Exercise details: What needs reproducing is the run of lines in the data below starting at the line with "US actress Uma" and ending at the line with "Eiffel Tower in", both ends included. Copy it exactly, without pictures, and add nothing.

Excerpted data:
========================

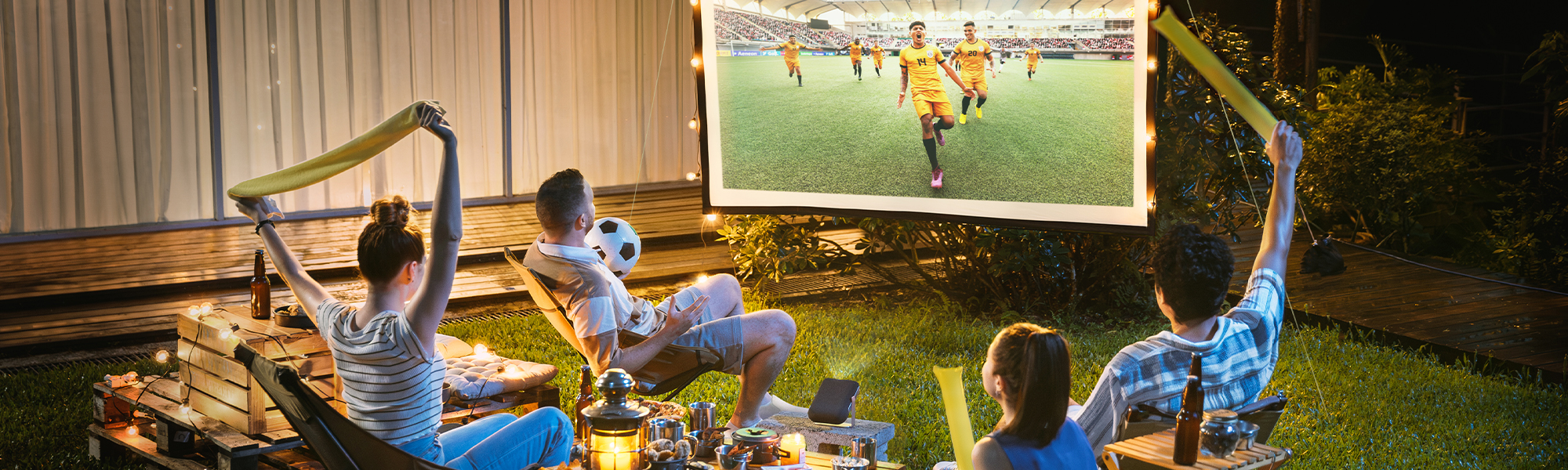 people watching a sports game on a projector outside
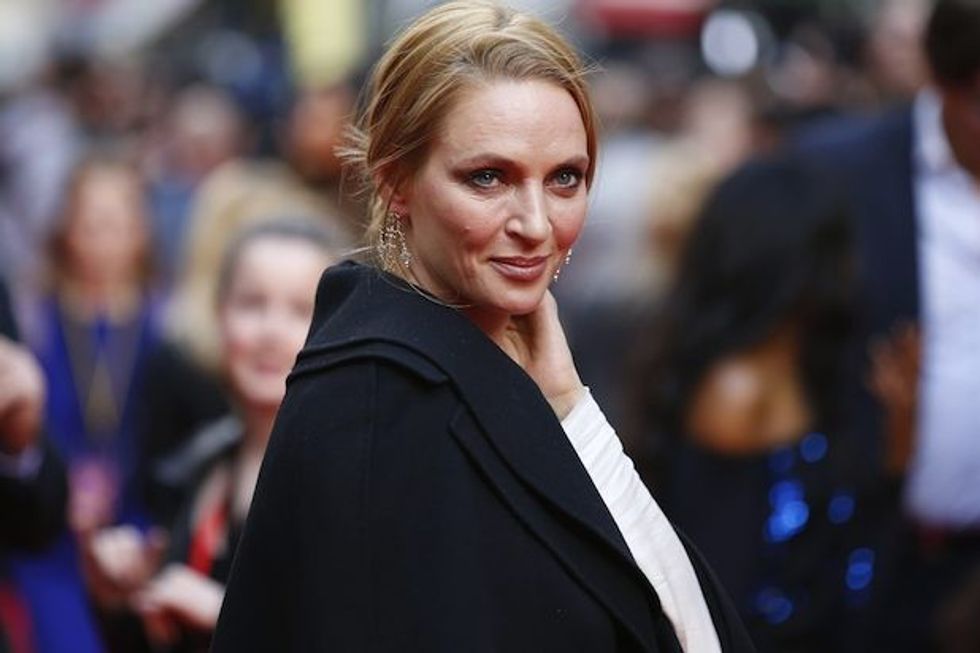 US actress Uma Thurman poses for photographers while arriving for the Premiere of West End musical Charlie and the Chocolate Factory, at the Theatre Royal, in central London on June 25, 2013. AFP PHOTO / JUSTIN TALLIS (Photo credit should read JUSTIN TALLIS/AFP/Getty Images)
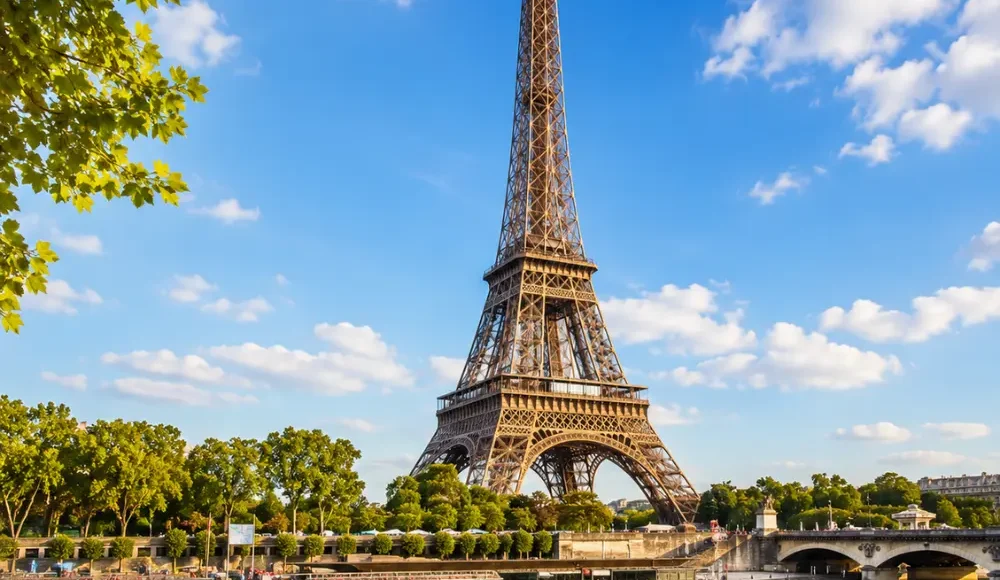 Eiffel Tower in Paris with elegant gardens, classic city views, clear sky, and bright morning European atmosphere.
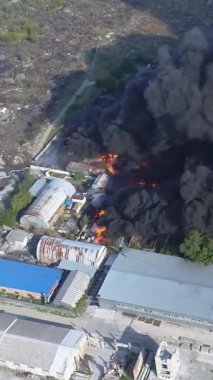 Büyük bir yangın deposunun insansız hava aracı videosu. Gökyüzünde yoğun siyah duman. Fabrika yanıyor. Depo endüstriyel hangarı. Kurtarma ekipleri yangını söndürüyor. Yukarıdan bak. Dikey video.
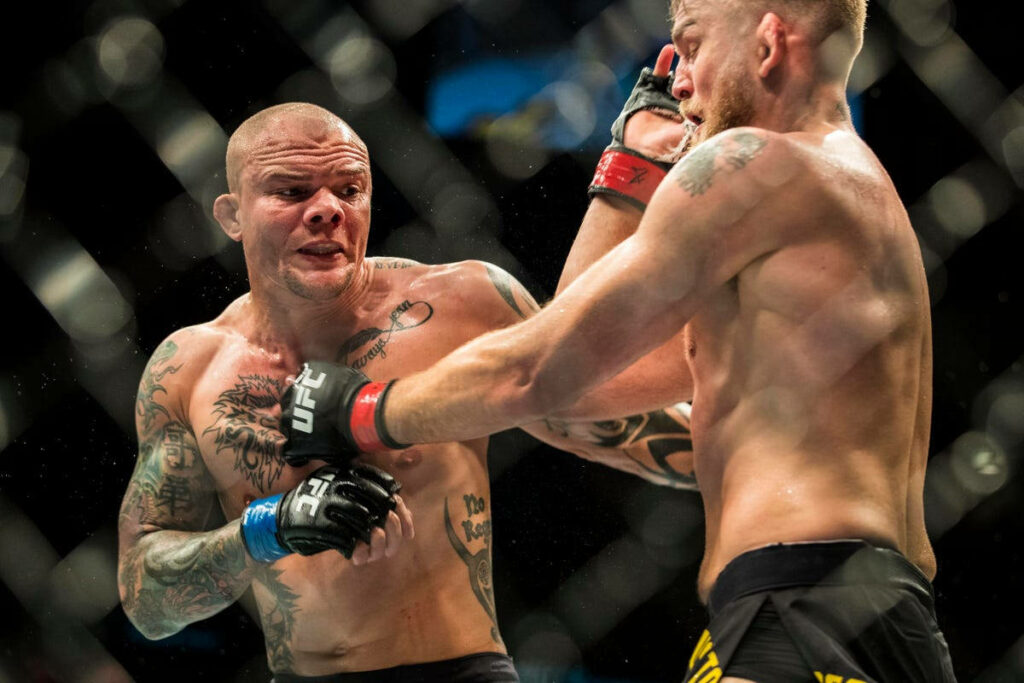 Anthony Smith and Alexander Gustafsson intense UFC faceoff closeup showing fierce determination Wallpaper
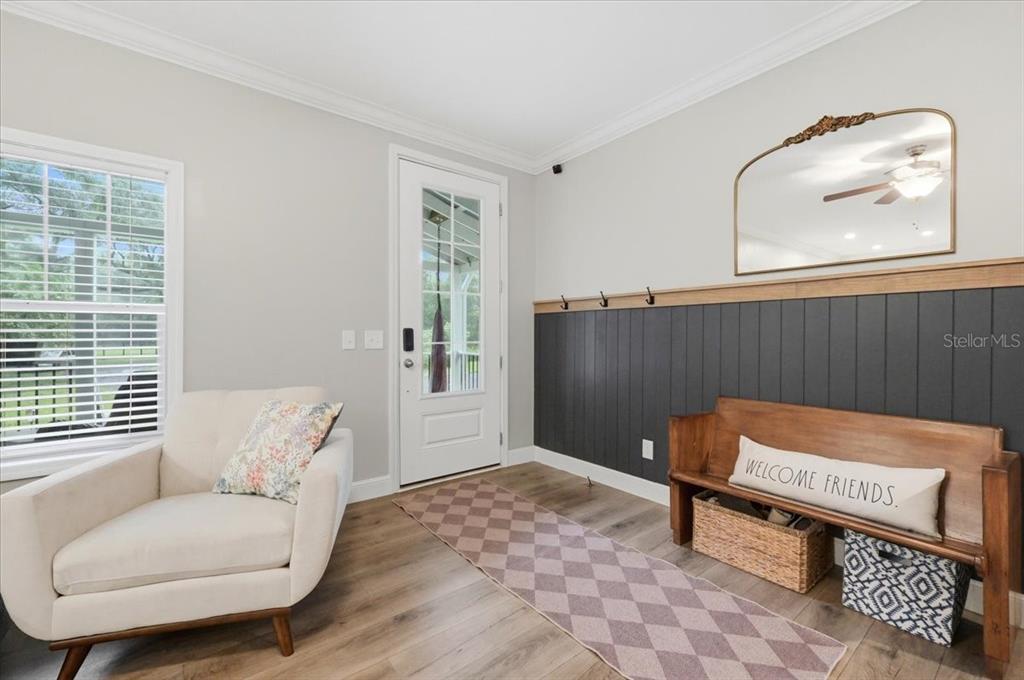 An entryway features a white armchair, a wooden bench with a pillow, and dark wainscoting — 22256 CHERATON ROAD, BROOKSVILLE, FL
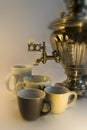 Russian Teapot with Water Fountain and Cups Royalty Free Stock Photo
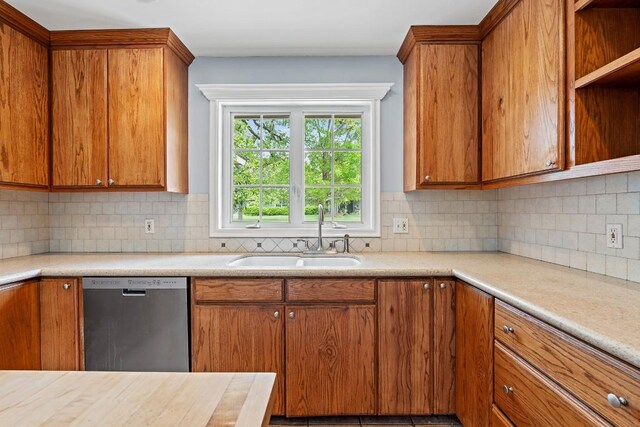 kitchen with a sink, brown cabinets, dishwasher, light countertops, and backsplash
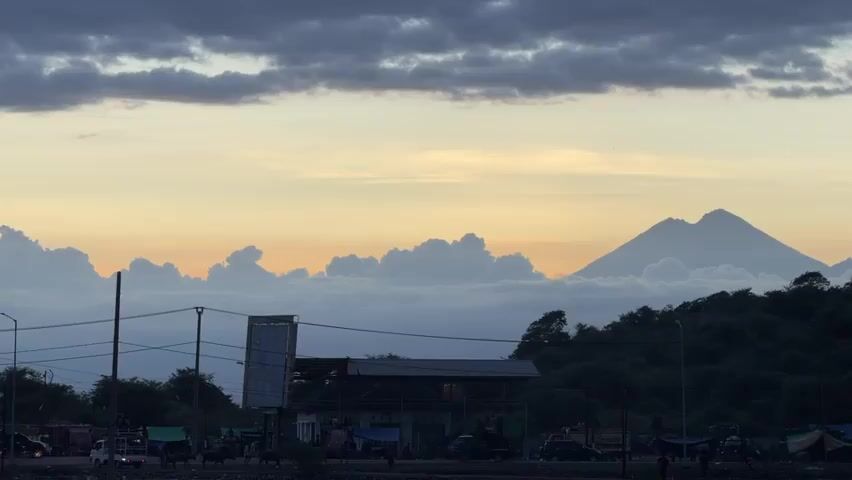 The video showcases a picturesque scene with a large mountain towering over a bustling coastal town. The mountain is partially obscured by clouds, giving it a mystical and ethereal appearance. The town is bustling with activity, with vehicles and people moving around. The sky is adorned with streaks of colors, indicating either sunrise or sunset. The overall atmosphere is serene and captivating, capturing the beauty of nature and human activity coexisting in harmony.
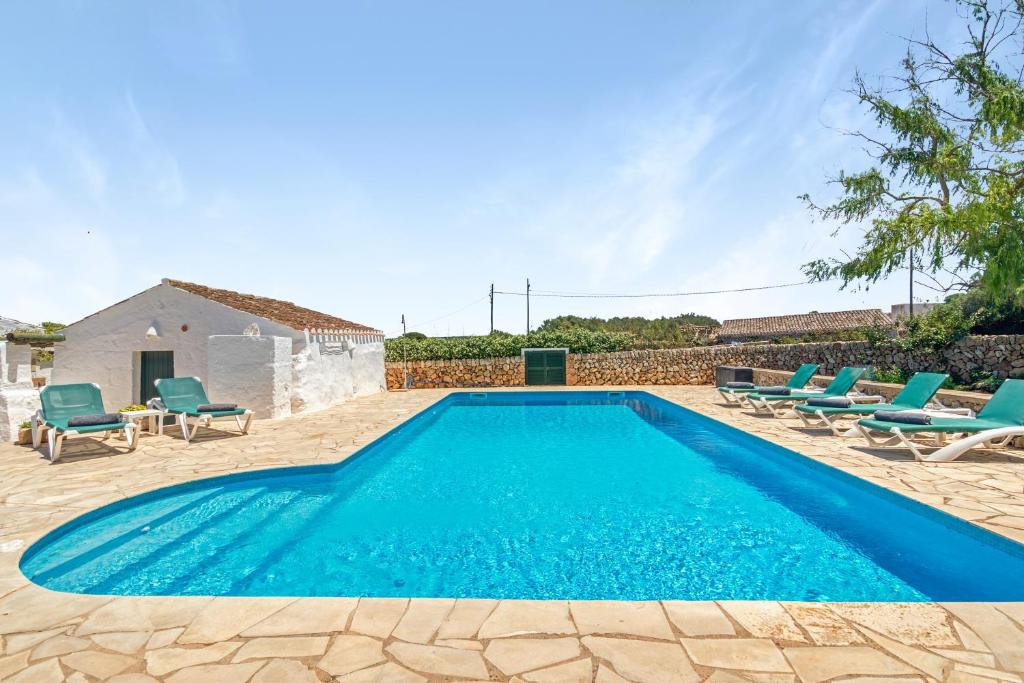 a swimming pool with chairs and a house at Finca Son Sanxo in Alaior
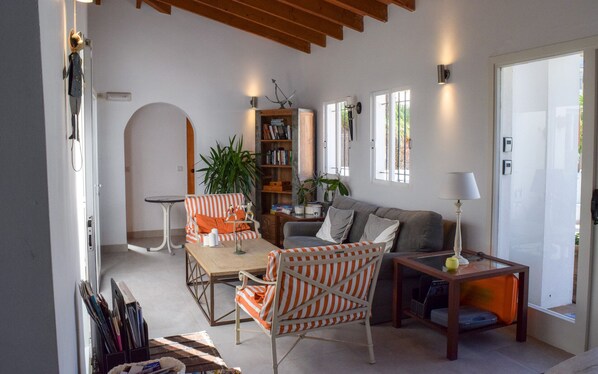 Un salon chaleureux avec un canapé, un fauteuil à rayures et une petite table sur laquelle se trouve une lampe. On y trouve également une bibliothèque remplie de livres et une plante en pot.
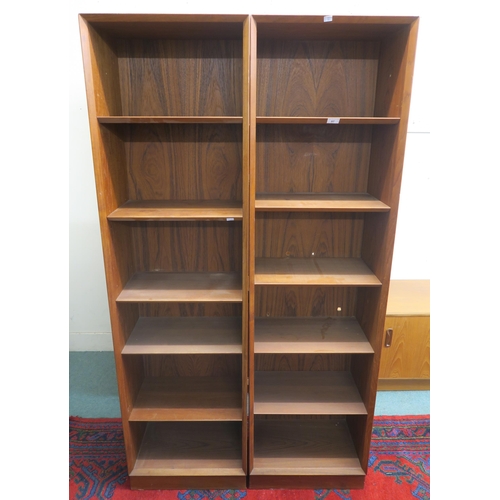 97 - A pair of mid 20th century teak Danish open bookcases, 183cm high x 50cm wide x 30cm deep (2)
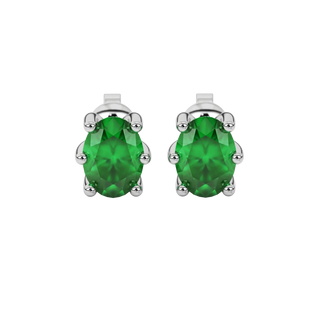 Oval cut emerald green gemstone earrings, white gold six prong setting.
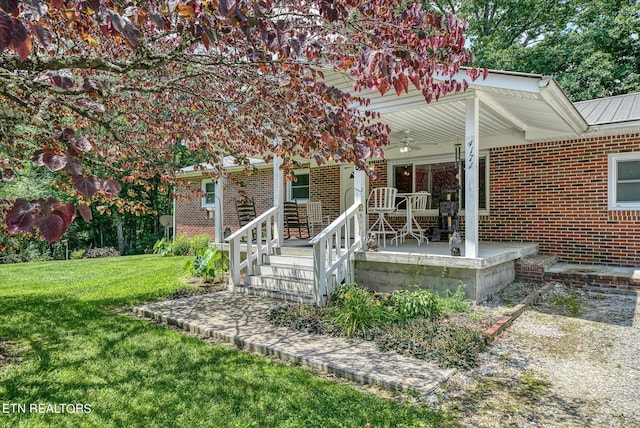 rear view of house with a lawn and covered porch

========================

Result:
 US actress Uma Thurman poses for photographers while arriving for the Premiere of West End musical Charlie and the Chocolate Factory, at the Theatre Royal, in central London on June 25, 2013. AFP PHOTO / JUSTIN TALLIS (Photo credit should read JUSTIN TALLIS/AFP/Getty Images)
 Eiffel Tower in Paris with elegant gardens, classic city views, clear sky, and bright morning European atmosphere.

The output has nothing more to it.